#### Collected data
* * * * * * *

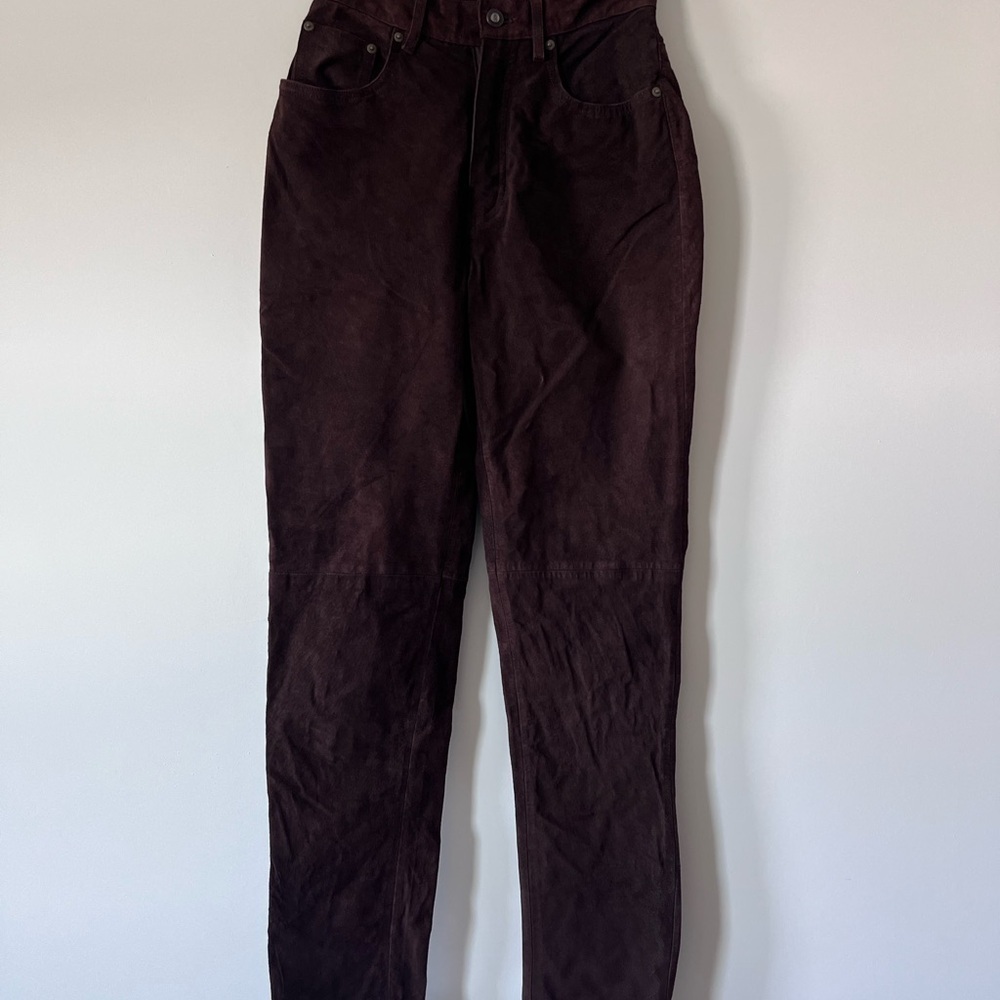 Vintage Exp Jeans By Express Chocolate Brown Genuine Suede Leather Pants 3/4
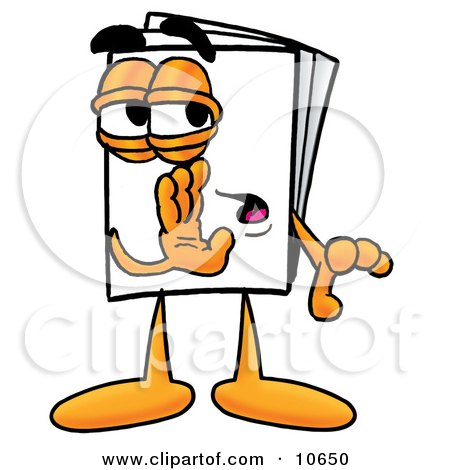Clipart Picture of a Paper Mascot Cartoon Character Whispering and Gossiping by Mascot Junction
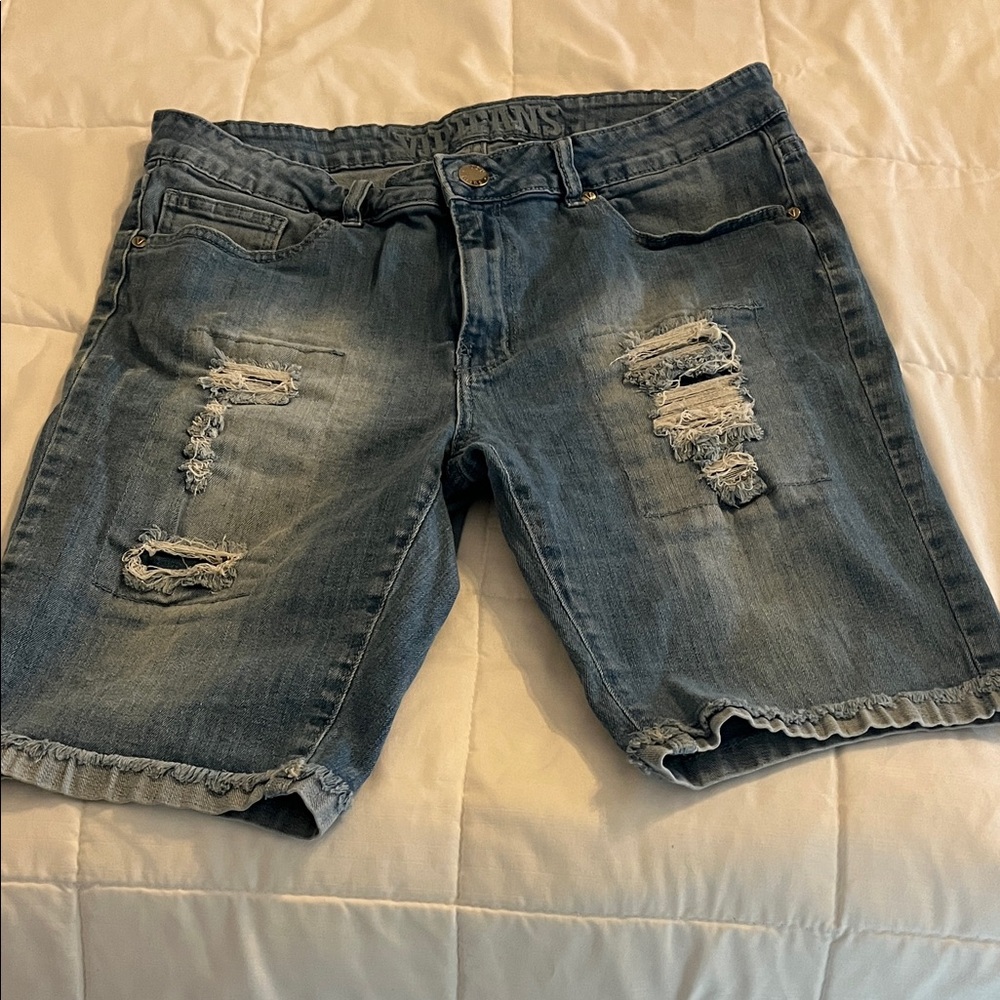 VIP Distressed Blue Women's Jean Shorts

* * * * * * *

#### Exercise objective
Reprint the whole listing above exactly, taking out the pictures.

#### Completed task
 Vintage Exp Jeans By Express Chocolate Brown Genuine Suede Leather Pants 3/4
Clipart Picture of a Paper Mascot Cartoon Character Whispering and Gossiping by Mascot Junction
 VIP Distressed Blue Women's Jean Shorts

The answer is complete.